南区泉田中に市立児童自立支援施設の開設を計画していた堺市は、現在の府への事務委託を継続し、府立修徳学院(柏原市)の敷地内に堺市の負担で2棟の寮を新たに建設することを決めた。維新府政の強い要請で施設計画を進めてきた堺市だが、19年6月の市長選挙で維新は突如、計画への反対を表明。維新の政治的思惑に振り回された末、計画は事実上、中止されることになった。

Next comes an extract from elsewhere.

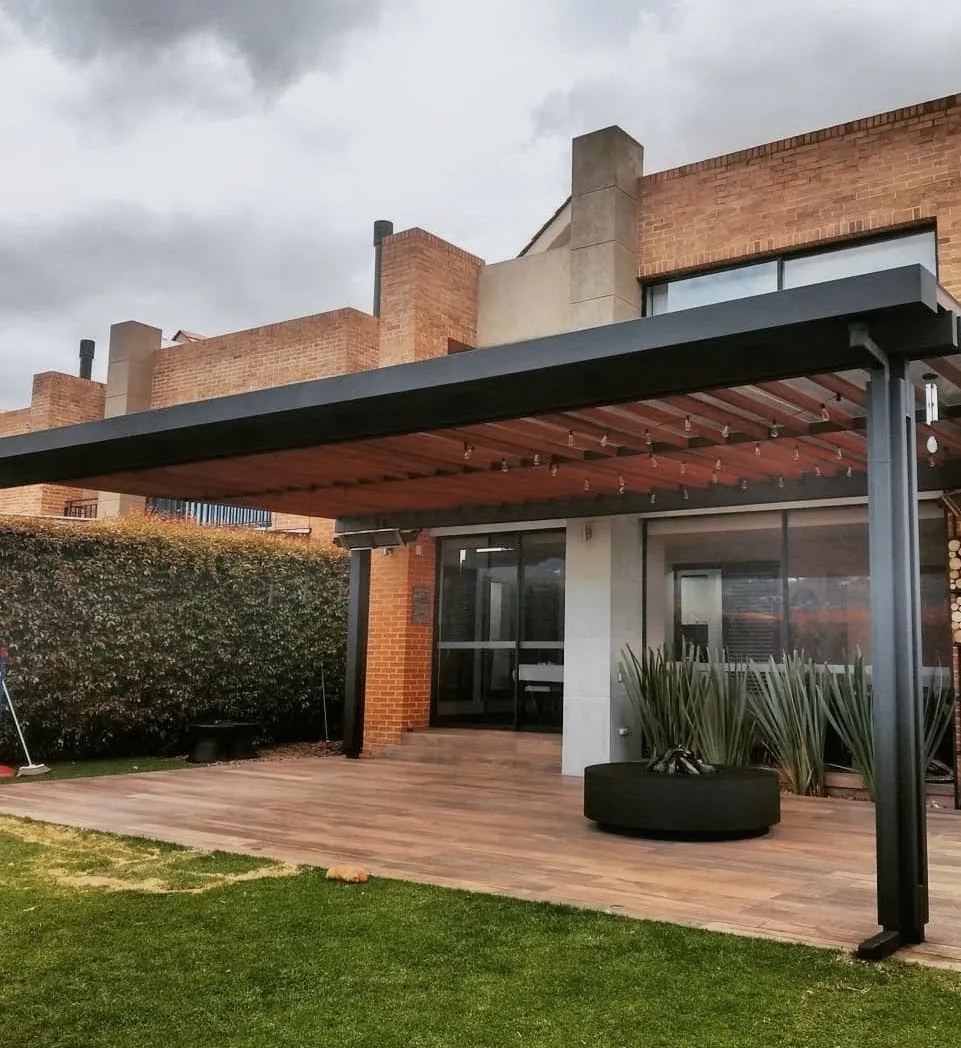 Detalle de estructura metálica de pérgola instalada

市は、維新の永藤英機市長が当選した後、施設の整備計画の中断を発表。現在、堺市内の入所者を受け入れている修徳学院の用地内に新たな寮を建設し、引き続き堺市が事務委託できないか、府と協議を続けていた。

 その結果、20人定員の寮2棟を堺市の負担で建設することで、ほぼ合意した。市は来年度予算で、整地費用として約2400万円を計上。22年度以降、設計や建設も堺市の全額負担で行い、24年4月の開設を目指す。その後の施設運営についても、堺市は応分の負担を行っていく。

 また、施設整備を推進してきた市の児童自立支援整備室は3月末で廃止され、事実上、施設整備事業は中止となる。

 児童自立支援施設は不良行為をした児童や家庭環境に問題があり生活指導が必要な児童を入所させ、健全な育成を図るための施設。市は、府から度重なる整備要請を受け、建設予定地として南区泉田中の元宅地造成地約6万4720平方メートルを、18年3月に約6億6600万円で取得した。

 ところが、19年の市長選で日本維新の会の馬場伸幸衆院議員が、同施設を「ひねくれた子どもを更生させる施設」と呼び、「40億近くの税金と時間をかけることが子どもたちの利益を最優先に考えているといえるのか」などと批判。永藤英機市長は当選後、施設整備の中断を発表した。

 事実上の事業中止を受け、市は今後、取得した土地の活用方法を検討するが、住宅街から離れた丘陵地にある利用が難しい土地だけに、どのように活用を図るのか、注目される。